There are obviously two huge issues with my proposal. First we would have to go through the conversion process. Second, we would have to do something big with the three major players who are sucking at the teat of health care $$ right now—those being big hospital systems and their associated specialists, health insurers, and pharma and device companies.

I don’t think that there will be any problem selling this to most doctors or to the American people.

The doctors know that they are trapped in the current system. This would free them to practice as they want to practice, and to remember why they got into medicine in the first place—to care for their patients holistically.

People know all too well that accessing primary care is both good for them and also very difficult. Wait lists are way too long. In this system primary care would be abundant. And I and many others have only horror stories of how big hospital systems, insurers and big pharma treat them badly. They would much rather have an empowered PCP on their side.

The only concern about primary care for patients is if the PCP is incented to not refer them to needed specialty care. In my system there would be no global capitation or risk to the PCP, and thus no incentive not to refer out. But no reason to refer out unnecessarily. They would do the right thing because it is the right thing. (It has taken Jeff Goldsmith 30 years to convince me of this). So there would be no need for insurance companies to manage primary care at all. No claims, no bills, no utilization management. Instead we should have 600,000 primary care docs paid well and able to manage their practices to do the right thing.

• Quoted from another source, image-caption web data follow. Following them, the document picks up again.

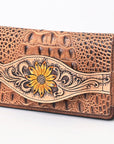 American Darling Wallet Hand Tooled Crocodile Embossed Genuine Leather Women Bag Western Handbag Purse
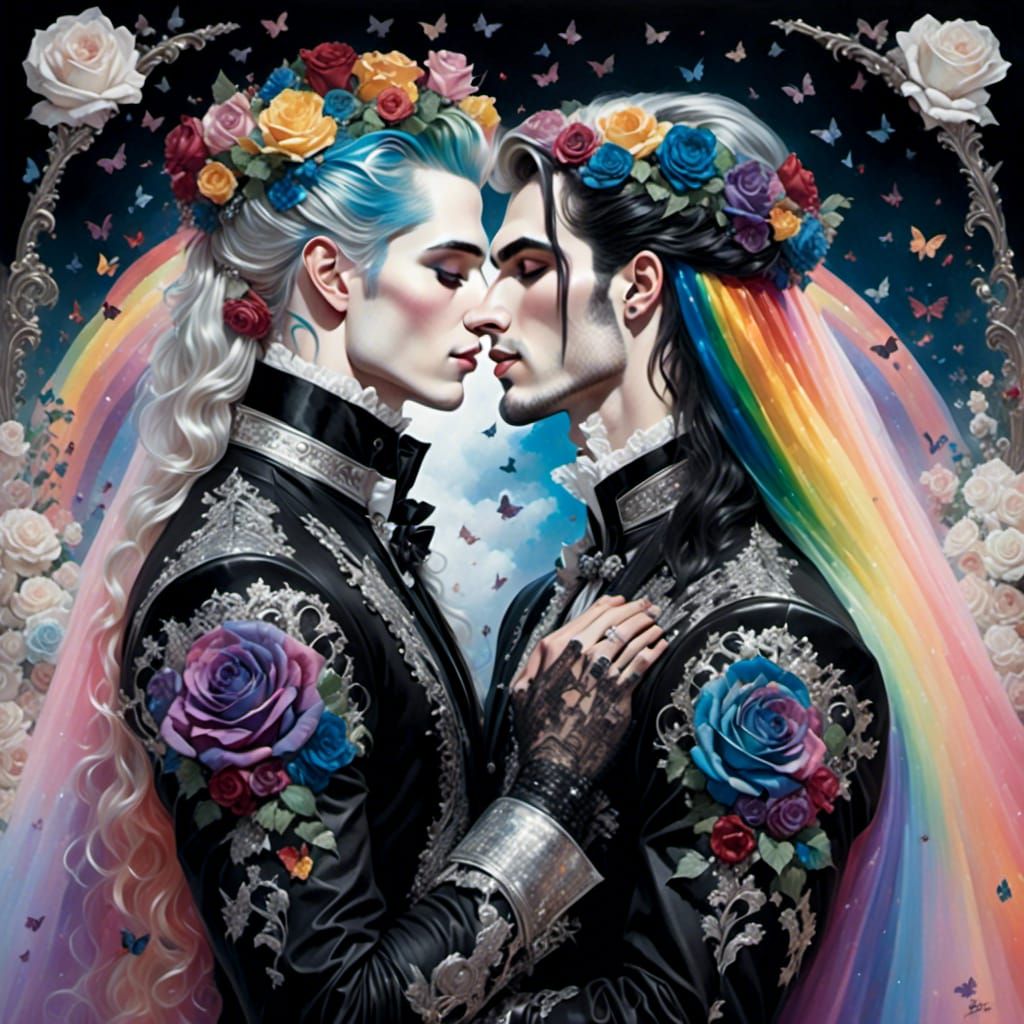Gay Couple Romance Portrait in Goth Fantasy Style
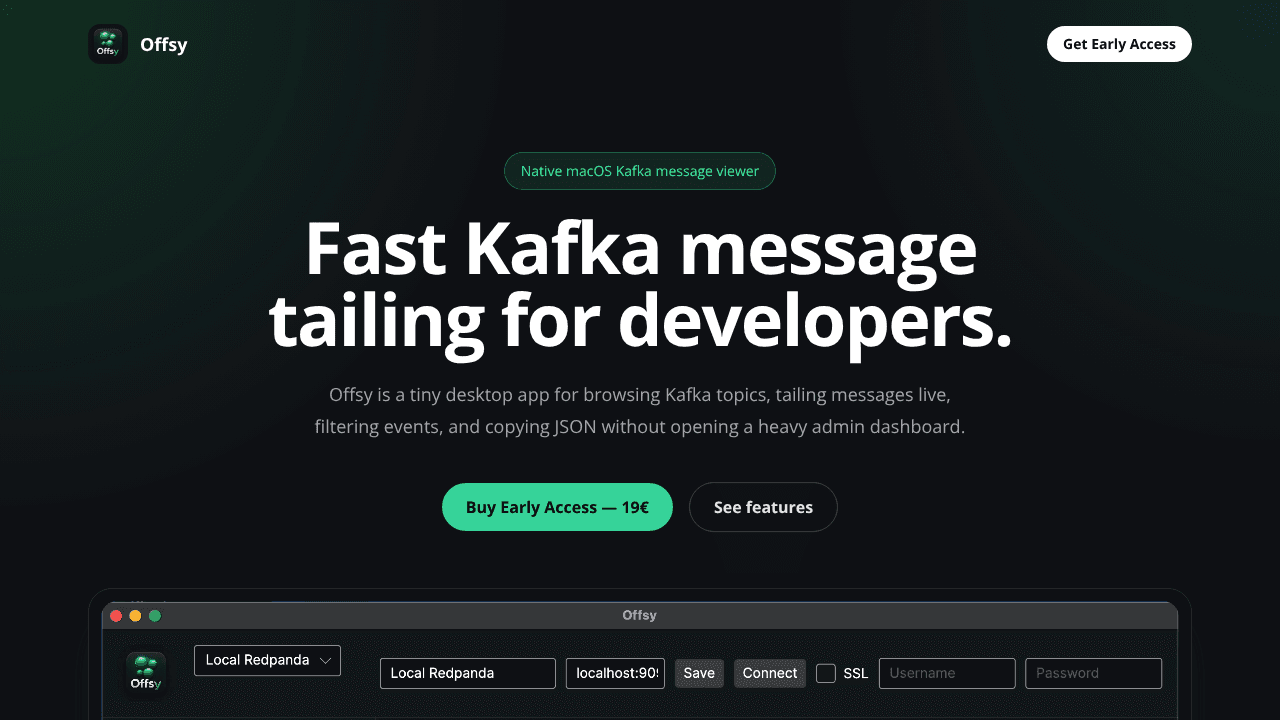 Offsy — Fast Kafka tailing for devs website screenshot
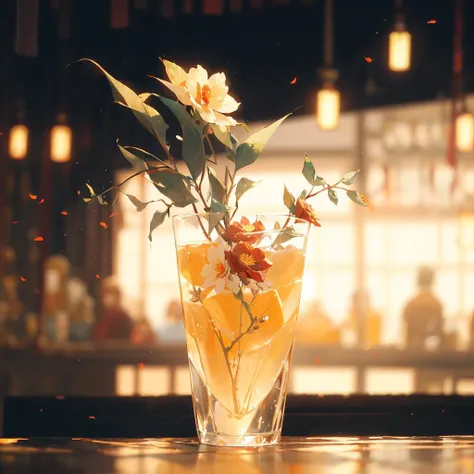 flower, no humans, red flower, still life, blurry, cup, glass, drinking glass, depth of field, drink, blurry background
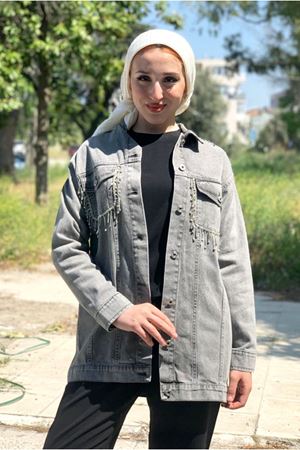 26K5214-1 -  ANTRASİT - TAŞ PÜSKÜLLÜ KOT CEKET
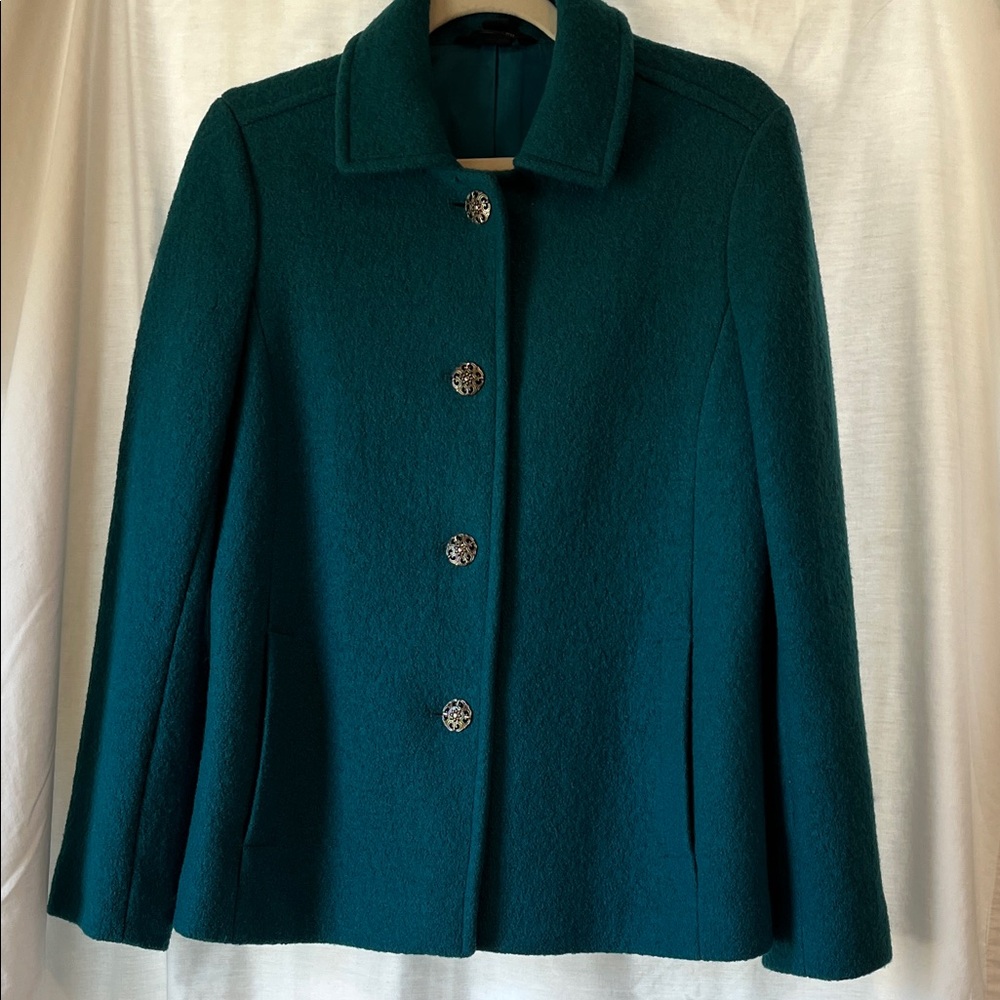 Lands' End Teal Wool-Blend Jacket with Silvertone Buttons Size 10P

And this would probably involve a ton of variation. There would be PCPs who work in groups. There would be solo. There would be those specializing in specific types of patients (think kids or people with serious diseases or geriatricians). They would all make the same amount of salary but their practice’s revenue and number of patients would be adjusted in a similar way to how we do risk adjustment for Medicare Advantage now, but without the games, and with no profit motive.

This system would create a lot of innovation. PCPs would be responsible for those with chronic conditions. They would have budget from the $2,000 per head (of which they would get roughly $800 as income) to build remote monitoring programs, to use AI, to build teams of assistants and nurses et al.

So can it be done in the US? Yes it already has. I urge you to take the time to read this ingenious ChatGPT summary of the Nuka system in Alaska. (I believe created by Steve Schutzer MD). Nuka went from being a hidebound bureaucratic expensive system–that its patients hated–to being a system with culturally appropriate care that its “consumer-owners” love today. And its costs are lower and outcomes better. There are lots of other examples of similar approaches across the US.  Just ask Dave Chase. They just haven’t scaled because the current incumbents have killed them.  (One great example is this case in Texas where a hospital chain bought and killed a big primary care group led by Scott Conard because it was costing them $100m a year in reduced hospital FFS admissions).

What we need is to set up the incentives, prod doctors and patients hard to get into these arrangements and let American ingenuity and medical professionalism go at it.

The other side of the equation is the need to reign in the costs of specialty and hospital care. How this would happen is up for debate.